SOURCE DATA below:

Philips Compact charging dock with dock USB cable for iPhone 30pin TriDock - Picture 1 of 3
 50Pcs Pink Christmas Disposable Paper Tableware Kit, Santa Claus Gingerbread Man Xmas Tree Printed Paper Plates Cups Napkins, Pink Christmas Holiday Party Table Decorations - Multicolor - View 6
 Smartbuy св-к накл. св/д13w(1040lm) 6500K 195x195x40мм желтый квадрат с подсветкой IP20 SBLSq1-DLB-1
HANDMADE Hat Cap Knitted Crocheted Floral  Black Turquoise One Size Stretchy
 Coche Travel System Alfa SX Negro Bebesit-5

End of SOURCE DATA.

THE TASK
Start at the line with "Smartbuy св-к накл.". Give that line and every line after it again, word for word, through the last line above.

SOLUTION TO THIS EXERCISE
 Smartbuy св-к накл. св/д13w(1040lm) 6500K 195x195x40мм желтый квадрат с подсветкой IP20 SBLSq1-DLB-1
HANDMADE Hat Cap Knitted Crocheted Floral  Black Turquoise One Size Stretchy
 Coche Travel System Alfa SX Negro Bebesit-5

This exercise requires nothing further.